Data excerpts
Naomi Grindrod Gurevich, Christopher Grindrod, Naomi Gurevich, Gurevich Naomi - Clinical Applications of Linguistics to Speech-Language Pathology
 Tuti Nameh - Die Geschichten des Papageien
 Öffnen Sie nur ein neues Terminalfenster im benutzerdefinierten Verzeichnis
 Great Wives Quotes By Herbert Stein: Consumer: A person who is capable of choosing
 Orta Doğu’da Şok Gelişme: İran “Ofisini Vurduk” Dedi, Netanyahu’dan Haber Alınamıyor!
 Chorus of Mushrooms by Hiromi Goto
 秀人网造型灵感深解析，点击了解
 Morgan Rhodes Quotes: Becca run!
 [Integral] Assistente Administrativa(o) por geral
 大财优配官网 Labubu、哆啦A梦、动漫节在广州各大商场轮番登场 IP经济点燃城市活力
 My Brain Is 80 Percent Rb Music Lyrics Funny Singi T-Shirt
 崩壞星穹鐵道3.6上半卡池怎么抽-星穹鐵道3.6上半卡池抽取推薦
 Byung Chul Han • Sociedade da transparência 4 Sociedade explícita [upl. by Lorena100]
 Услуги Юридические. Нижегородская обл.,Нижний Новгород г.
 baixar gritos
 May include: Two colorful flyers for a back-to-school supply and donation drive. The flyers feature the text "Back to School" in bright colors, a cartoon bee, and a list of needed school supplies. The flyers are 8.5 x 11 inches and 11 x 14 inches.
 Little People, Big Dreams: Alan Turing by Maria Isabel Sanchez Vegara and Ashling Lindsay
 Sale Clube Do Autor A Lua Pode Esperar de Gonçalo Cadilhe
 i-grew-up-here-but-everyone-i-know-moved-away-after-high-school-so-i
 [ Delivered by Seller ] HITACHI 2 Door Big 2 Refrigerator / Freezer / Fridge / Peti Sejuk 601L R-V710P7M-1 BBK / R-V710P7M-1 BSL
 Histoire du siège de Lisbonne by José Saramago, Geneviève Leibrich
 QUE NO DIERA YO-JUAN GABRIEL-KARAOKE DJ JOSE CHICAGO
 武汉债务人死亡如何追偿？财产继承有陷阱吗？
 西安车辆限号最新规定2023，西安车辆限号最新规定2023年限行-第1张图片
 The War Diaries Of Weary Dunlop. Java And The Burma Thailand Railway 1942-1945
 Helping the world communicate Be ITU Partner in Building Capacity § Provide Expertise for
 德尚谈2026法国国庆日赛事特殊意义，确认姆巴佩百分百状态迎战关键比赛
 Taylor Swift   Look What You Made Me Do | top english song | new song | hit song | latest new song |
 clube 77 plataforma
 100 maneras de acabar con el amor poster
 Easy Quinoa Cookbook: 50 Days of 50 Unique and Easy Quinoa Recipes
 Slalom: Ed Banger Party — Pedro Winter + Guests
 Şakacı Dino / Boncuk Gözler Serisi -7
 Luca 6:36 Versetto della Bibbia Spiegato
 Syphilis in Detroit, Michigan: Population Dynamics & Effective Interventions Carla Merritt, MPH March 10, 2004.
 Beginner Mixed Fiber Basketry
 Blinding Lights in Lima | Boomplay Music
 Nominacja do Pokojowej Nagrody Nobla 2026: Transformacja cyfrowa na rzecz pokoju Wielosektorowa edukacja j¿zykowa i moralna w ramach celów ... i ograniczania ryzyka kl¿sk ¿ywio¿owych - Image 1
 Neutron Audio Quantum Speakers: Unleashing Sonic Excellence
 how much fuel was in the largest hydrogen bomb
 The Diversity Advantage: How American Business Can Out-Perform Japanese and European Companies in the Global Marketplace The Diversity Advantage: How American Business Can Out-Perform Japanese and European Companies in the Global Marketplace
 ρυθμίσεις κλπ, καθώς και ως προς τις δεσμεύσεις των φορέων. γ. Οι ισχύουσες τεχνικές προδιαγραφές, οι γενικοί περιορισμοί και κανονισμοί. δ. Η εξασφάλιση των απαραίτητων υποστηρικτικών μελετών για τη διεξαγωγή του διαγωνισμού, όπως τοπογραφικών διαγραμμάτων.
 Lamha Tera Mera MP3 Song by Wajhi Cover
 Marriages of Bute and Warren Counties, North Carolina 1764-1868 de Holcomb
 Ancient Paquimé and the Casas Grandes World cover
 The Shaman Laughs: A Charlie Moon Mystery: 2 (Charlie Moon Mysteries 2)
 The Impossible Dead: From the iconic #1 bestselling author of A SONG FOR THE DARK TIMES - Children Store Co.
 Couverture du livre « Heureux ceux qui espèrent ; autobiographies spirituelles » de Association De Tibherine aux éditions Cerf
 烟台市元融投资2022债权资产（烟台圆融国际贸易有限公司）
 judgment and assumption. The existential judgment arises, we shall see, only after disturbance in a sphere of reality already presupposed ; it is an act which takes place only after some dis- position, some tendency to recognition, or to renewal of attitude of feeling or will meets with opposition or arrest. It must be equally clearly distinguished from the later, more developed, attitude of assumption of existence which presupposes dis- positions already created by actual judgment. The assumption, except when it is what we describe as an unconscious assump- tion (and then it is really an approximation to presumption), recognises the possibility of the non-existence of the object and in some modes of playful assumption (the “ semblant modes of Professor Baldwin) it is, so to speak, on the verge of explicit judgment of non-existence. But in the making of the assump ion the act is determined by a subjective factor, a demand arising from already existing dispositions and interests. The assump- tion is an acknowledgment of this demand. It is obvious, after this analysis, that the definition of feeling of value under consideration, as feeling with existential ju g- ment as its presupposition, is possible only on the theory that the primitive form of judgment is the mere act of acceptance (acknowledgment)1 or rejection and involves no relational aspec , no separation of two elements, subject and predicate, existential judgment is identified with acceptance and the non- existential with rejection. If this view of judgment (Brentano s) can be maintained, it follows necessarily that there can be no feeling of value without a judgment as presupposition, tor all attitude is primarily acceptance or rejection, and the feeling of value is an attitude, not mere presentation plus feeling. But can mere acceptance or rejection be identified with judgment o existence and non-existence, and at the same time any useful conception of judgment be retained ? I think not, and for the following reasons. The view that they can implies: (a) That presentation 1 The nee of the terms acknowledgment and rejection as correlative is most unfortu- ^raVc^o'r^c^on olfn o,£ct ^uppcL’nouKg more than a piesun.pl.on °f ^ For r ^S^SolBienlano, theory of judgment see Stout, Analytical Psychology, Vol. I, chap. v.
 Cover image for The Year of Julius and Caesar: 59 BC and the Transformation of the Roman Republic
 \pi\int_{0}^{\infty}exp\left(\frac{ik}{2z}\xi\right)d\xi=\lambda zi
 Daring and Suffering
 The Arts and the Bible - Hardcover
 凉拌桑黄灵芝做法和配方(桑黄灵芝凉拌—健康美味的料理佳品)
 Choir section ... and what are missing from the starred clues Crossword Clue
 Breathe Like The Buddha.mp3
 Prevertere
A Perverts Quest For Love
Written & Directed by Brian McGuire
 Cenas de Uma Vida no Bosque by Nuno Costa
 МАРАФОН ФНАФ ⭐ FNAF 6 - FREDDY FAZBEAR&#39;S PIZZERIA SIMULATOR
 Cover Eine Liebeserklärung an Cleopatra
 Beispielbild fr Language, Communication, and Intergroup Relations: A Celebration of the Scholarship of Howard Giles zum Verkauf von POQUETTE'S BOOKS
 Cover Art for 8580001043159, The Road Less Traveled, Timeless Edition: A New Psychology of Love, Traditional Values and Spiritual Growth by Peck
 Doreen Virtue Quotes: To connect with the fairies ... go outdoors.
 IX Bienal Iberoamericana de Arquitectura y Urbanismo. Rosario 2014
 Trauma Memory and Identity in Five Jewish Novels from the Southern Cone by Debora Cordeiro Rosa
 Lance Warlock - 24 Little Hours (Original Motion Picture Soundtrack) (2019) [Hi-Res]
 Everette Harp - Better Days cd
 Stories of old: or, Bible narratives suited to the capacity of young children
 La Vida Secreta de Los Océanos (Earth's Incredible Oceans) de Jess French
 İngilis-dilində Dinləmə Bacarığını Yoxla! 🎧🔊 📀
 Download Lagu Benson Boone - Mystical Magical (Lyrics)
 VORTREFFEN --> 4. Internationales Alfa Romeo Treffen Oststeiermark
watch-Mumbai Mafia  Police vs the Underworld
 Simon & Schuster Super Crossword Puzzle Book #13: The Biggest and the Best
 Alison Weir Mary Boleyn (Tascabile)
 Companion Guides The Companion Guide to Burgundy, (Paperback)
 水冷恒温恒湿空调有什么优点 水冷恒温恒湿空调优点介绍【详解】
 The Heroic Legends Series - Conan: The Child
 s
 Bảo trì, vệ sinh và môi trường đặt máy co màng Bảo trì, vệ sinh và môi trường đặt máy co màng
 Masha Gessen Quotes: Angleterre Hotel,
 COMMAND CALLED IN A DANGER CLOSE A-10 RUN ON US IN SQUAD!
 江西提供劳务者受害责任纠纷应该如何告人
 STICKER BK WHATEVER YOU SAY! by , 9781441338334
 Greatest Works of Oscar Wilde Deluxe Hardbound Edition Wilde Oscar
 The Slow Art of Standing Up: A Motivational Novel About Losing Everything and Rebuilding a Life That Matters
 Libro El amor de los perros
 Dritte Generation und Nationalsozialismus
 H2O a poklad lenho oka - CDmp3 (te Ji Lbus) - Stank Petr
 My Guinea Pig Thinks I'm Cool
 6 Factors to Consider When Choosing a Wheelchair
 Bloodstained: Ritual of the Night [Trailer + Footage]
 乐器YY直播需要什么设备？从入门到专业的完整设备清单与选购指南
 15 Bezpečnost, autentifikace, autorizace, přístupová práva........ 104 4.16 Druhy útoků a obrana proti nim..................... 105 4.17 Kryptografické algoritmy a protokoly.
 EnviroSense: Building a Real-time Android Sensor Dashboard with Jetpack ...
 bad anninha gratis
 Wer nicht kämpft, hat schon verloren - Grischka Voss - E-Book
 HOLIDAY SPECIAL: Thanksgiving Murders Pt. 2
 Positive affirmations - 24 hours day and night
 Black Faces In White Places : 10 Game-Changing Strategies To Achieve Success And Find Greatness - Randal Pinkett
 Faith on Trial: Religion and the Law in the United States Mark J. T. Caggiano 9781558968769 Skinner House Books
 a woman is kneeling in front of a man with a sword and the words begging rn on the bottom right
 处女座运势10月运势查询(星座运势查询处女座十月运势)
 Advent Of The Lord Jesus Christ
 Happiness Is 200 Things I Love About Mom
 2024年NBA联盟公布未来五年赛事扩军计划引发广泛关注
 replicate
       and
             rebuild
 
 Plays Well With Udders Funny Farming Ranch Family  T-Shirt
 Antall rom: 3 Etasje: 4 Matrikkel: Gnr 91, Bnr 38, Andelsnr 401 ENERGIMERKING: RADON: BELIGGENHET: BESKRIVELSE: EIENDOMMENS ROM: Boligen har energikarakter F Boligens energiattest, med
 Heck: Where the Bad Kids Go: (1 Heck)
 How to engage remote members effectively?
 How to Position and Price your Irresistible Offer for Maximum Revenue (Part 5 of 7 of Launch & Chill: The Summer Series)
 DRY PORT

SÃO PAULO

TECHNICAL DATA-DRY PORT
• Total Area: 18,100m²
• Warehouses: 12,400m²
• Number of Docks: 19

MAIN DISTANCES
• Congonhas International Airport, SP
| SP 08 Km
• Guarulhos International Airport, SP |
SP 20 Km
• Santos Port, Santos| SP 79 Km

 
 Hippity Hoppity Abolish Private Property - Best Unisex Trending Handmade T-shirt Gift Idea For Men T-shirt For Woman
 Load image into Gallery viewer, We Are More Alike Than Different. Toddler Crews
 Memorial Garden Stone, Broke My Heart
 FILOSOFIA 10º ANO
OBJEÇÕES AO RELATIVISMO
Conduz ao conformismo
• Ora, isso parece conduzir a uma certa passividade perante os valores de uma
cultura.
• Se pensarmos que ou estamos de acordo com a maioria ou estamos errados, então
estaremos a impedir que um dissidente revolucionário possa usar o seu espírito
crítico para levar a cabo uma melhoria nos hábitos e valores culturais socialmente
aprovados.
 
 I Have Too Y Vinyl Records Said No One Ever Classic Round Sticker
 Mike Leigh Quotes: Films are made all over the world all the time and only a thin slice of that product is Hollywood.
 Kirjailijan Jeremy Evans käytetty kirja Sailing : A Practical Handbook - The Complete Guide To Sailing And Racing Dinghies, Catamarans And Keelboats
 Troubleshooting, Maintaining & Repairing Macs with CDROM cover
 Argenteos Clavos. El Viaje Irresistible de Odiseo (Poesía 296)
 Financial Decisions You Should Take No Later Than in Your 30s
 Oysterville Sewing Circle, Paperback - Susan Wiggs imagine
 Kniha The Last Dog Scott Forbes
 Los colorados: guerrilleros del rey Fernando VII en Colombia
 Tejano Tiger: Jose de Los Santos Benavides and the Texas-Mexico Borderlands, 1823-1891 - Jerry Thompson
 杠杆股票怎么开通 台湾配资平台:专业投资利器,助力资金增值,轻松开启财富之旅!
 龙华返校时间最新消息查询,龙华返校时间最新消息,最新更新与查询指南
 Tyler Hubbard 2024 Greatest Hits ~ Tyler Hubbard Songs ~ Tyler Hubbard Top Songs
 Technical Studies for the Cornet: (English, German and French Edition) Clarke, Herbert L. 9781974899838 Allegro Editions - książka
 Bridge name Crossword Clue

What you need to do: Up to and including the last line of the records above, print exactly every line from the one that contains "Santos| SP 79 Km" onward.

Exercise solution:
• Santos Port, Santos| SP 79 Km

 
 Hippity Hoppity Abolish Private Property - Best Unisex Trending Handmade T-shirt Gift Idea For Men T-shirt For Woman
 Load image into Gallery viewer, We Are More Alike Than Different. Toddler Crews
 Memorial Garden Stone, Broke My Heart
 FILOSOFIA 10º ANO
OBJEÇÕES AO RELATIVISMO
Conduz ao conformismo
• Ora, isso parece conduzir a uma certa passividade perante os valores de uma
cultura.
• Se pensarmos que ou estamos de acordo com a maioria ou estamos errados, então
estaremos a impedir que um dissidente revolucionário possa usar o seu espírito
crítico para levar a cabo uma melhoria nos hábitos e valores culturais socialmente
aprovados.
 
 I Have Too Y Vinyl Records Said No One Ever Classic Round Sticker
 Mike Leigh Quotes: Films are made all over the world all the time and only a thin slice of that product is Hollywood.
 Kirjailijan Jeremy Evans käytetty kirja Sailing : A Practical Handbook - The Complete Guide To Sailing And Racing Dinghies, Catamarans And Keelboats
 Troubleshooting, Maintaining & Repairing Macs with CDROM cover
 Argenteos Clavos. El Viaje Irresistible de Odiseo (Poesía 296)
 Financial Decisions You Should Take No Later Than in Your 30s
 Oysterville Sewing Circle, Paperback - Susan Wiggs imagine
 Kniha The Last Dog Scott Forbes
 Los colorados: guerrilleros del rey Fernando VII en Colombia
 Tejano Tiger: Jose de Los Santos Benavides and the Texas-Mexico Borderlands, 1823-1891 - Jerry Thompson
 杠杆股票怎么开通 台湾配资平台:专业投资利器,助力资金增值,轻松开启财富之旅!
 龙华返校时间最新消息查询,龙华返校时间最新消息,最新更新与查询指南
 Tyler Hubbard 2024 Greatest Hits ~ Tyler Hubbard Songs ~ Tyler Hubbard Top Songs
 Technical Studies for the Cornet: (English, German and French Edition) Clarke, Herbert L. 9781974899838 Allegro Editions - książka
 Bridge name Crossword Clue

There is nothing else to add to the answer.